> [Data supplied]:
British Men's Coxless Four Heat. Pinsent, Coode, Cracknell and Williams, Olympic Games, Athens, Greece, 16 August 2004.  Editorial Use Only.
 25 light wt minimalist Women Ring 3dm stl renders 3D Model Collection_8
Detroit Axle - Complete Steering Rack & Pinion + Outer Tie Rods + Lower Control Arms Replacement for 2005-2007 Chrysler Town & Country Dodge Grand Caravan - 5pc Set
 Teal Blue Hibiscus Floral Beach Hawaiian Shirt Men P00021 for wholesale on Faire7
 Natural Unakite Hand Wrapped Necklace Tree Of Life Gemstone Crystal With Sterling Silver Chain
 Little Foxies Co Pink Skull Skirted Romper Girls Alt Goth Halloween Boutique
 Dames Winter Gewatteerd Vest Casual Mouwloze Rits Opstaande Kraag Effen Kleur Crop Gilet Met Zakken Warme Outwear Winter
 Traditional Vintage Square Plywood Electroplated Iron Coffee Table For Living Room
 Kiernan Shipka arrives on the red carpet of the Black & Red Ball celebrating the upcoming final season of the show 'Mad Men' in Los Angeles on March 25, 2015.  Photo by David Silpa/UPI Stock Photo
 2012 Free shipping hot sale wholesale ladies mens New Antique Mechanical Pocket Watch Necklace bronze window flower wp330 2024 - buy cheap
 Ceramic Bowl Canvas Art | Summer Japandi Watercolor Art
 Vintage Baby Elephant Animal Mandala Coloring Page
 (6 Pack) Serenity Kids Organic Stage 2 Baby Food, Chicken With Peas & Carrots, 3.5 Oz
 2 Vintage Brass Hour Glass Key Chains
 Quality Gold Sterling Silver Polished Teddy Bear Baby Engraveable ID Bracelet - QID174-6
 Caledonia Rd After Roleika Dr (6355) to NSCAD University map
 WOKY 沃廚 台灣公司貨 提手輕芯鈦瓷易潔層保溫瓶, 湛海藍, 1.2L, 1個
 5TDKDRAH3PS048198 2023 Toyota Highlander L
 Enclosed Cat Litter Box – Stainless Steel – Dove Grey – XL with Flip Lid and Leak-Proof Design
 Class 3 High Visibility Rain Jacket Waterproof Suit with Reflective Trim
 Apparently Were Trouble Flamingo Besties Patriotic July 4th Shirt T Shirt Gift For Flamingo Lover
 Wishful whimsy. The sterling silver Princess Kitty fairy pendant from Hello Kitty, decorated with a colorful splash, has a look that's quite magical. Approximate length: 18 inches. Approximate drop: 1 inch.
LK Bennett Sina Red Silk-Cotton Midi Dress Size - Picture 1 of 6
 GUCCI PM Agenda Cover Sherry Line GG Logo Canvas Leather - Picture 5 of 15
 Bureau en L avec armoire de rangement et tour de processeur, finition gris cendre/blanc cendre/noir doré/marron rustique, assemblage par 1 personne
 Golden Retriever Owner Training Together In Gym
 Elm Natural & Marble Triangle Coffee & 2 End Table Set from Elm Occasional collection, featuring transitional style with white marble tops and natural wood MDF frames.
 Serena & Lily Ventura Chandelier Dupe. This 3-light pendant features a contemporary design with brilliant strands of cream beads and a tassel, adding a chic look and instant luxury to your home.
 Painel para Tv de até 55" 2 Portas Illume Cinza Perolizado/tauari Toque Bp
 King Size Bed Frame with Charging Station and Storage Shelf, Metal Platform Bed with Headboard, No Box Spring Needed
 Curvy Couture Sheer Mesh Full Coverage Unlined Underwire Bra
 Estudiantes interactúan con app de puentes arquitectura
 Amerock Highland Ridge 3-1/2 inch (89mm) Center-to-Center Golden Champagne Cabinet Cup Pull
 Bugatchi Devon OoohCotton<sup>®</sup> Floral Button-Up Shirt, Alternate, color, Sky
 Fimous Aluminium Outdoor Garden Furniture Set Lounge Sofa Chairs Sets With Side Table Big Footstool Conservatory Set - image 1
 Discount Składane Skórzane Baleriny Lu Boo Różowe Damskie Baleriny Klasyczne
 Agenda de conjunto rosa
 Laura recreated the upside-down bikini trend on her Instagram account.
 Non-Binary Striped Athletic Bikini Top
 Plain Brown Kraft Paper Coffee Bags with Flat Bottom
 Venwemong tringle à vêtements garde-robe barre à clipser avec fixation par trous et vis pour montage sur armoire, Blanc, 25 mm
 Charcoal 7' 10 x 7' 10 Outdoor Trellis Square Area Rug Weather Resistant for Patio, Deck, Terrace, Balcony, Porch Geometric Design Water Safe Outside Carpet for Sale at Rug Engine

> [Exercise prompt]:
The reply should hold only the lines from the beginning of the listing to the line with "Teal Blue Hibiscus", both ends included, unchanged.

> [Solved exercise]:
British Men's Coxless Four Heat. Pinsent, Coode, Cracknell and Williams, Olympic Games, Athens, Greece, 16 August 2004.  Editorial Use Only.
 25 light wt minimalist Women Ring 3dm stl renders 3D Model Collection_8
Detroit Axle - Complete Steering Rack & Pinion + Outer Tie Rods + Lower Control Arms Replacement for 2005-2007 Chrysler Town & Country Dodge Grand Caravan - 5pc Set
 Teal Blue Hibiscus Floral Beach Hawaiian Shirt Men P00021 for wholesale on Faire7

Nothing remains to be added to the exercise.